Match Style to Your Learning Needs since some people want direct coaching while others benefit more from reflective exploration. Effective marriage counselors and couples therapists can flex between both approaches based on what you need in each moment to improve communication and resolve conflicts.
Consider Practical Factors including scheduling flexibility, online therapy capabilities, and clear policies around cancellations or billing for out-of-network benefits. These practical elements matter for maintaining long-term consistency in your couples counseling work.
Questions to ask during a consultation with potential couples therapists include: What frameworks guide your relationship counseling work? How do you structure couples therapy sessions? How will we know our marriage counseling is helping? What scheduling options are available for two busy calendars?
Moving Forward: Taking the Next Step
Couples therapy and marriage counseling aren't about blame—they're about understanding the deeper relationship patterns keeping you stuck, how you are each contributing to them, and developing new ways of connecting that actually feel good for both of you.
If you're tired of repeating the same painful cycles, if self-help approaches haven't created lasting change in your romantic relationships, or if you're ready to move beyond surface-level solutions, professional relationship counseling can help you build the calm, connected healthy relationship you've been seeking.
The journey toward genuine emotional intimacy requires courage—the willingness to examine your own relationship patterns, feel emotions you might have been avoiding, and risk being truly seen by your partner. For those ready to do this deeper work through couples therapy, the rewards extend far beyond what most people imagine possible in their relationships.
You don't have to wait for a crisis to invest in marriage counseling or couples therapy. Some of the most profound changes happen when people seek relationship counseling during transitions or simply when they want to strengthen their foundation. Prevention is always more effective than crisis intervention, and the communication skills you develop in couples therapy serve you for a lifetime.
The anxious overachievers who find their way to lasting connection aren't the ones who never struggle—they're the ones who recognize that authentic healing requires addressing both symptoms and root causes through professional couples counseling. When you understand that relationship challenges often stem from unconscious processes rather than character flaws, everything changes.
Your relationship deserves personalized attention that honors your unique story, challenges, and goals.

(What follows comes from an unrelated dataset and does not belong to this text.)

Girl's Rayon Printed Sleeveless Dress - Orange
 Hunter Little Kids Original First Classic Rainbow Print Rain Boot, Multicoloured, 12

Whether you're dealing with trust issues, communication patterns that keep you stuck, or simply want to deepen your emotional connection, relationship therapy support is available.
Counseling can help you develop the skills needed to communicate effectively, resolve conflicts constructively, and build the fulfilling relationship you desire. Working with an experienced couples therapist who understands the deeper patterns driving relationship distress provides the guidance and tools necessary to create lasting positive change in your romantic relationships.
Contact me for more information about how couples therapy and marriage counseling can support your specific relationship concerns, or to take the next step toward the healthy relationship you've been seeking, reach out today. Your mental health and the quality of your most important relationship are worth the investment.